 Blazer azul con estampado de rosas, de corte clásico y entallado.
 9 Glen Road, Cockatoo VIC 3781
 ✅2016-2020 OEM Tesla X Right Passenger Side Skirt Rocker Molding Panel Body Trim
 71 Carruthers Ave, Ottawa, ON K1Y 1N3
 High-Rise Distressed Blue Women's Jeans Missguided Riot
==
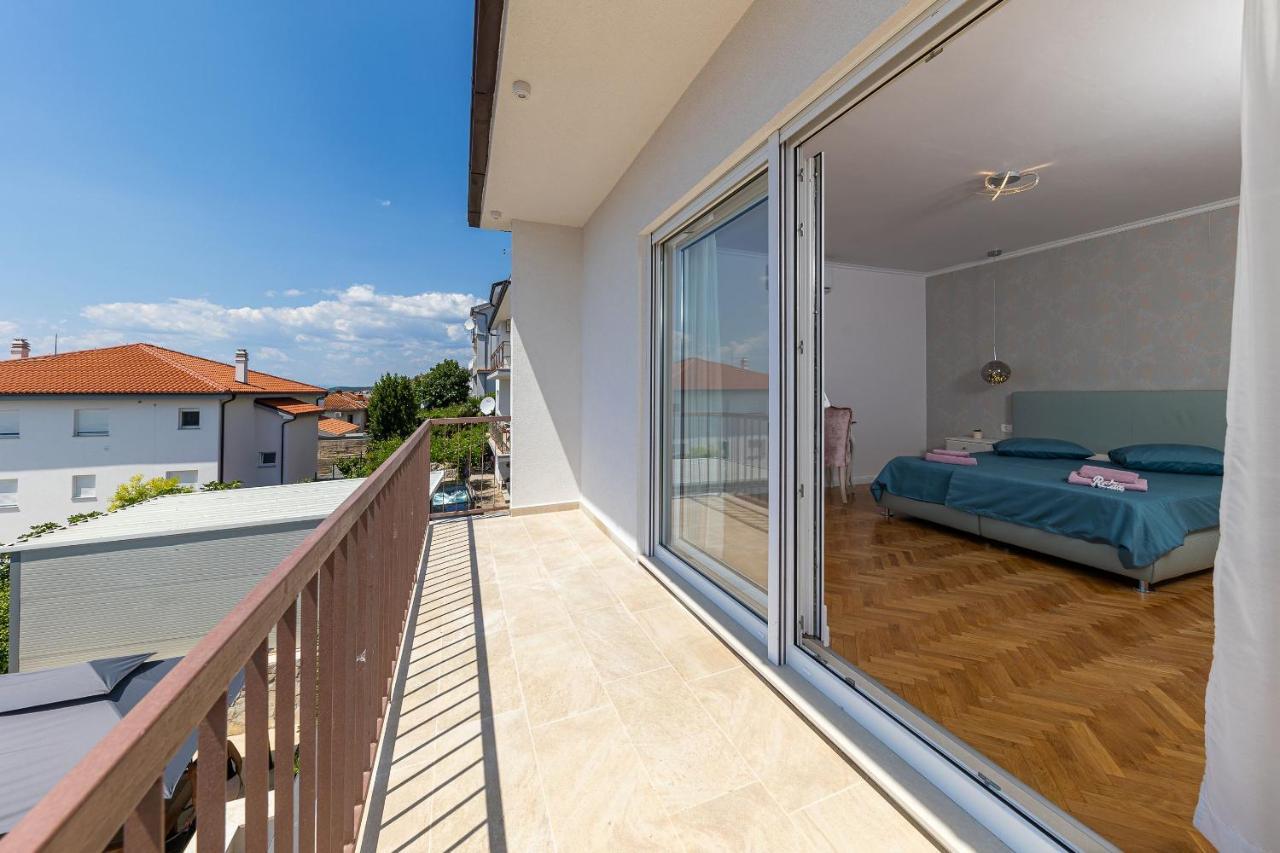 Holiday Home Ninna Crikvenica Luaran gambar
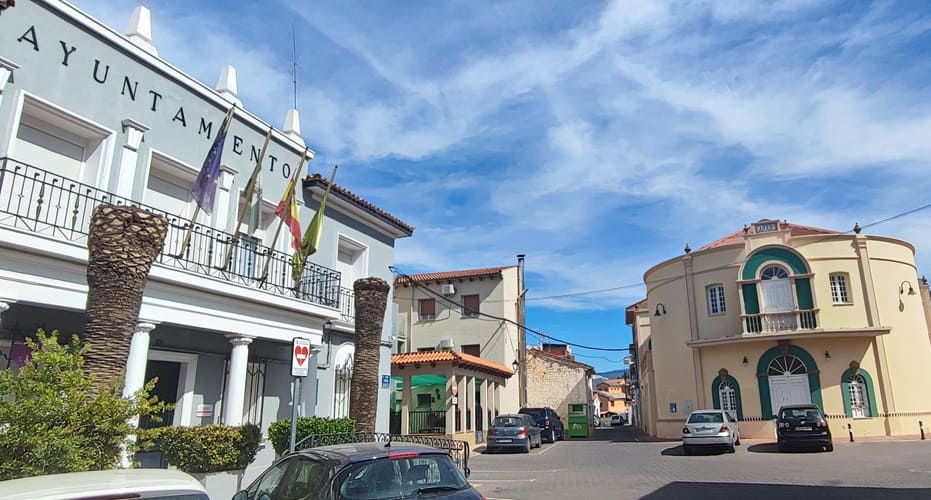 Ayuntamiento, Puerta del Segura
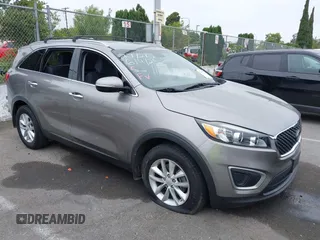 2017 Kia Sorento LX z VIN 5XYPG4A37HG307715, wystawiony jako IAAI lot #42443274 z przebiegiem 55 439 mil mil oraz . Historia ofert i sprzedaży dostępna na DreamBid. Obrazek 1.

WHAT TO PRODUCE —
The lines above, starting at the one with "Blazer azul con" and ending at the one with "High-Rise Distressed Blue", are the only ones to return, exactly as written.

RESULT OF THE EXERCISE —
 Blazer azul con estampado de rosas, de corte clásico y entallado.
 9 Glen Road, Cockatoo VIC 3781
 ✅2016-2020 OEM Tesla X Right Passenger Side Skirt Rocker Molding Panel Body Trim
 71 Carruthers Ave, Ottawa, ON K1Y 1N3
 High-Rise Distressed Blue Women's Jeans Missguided Riot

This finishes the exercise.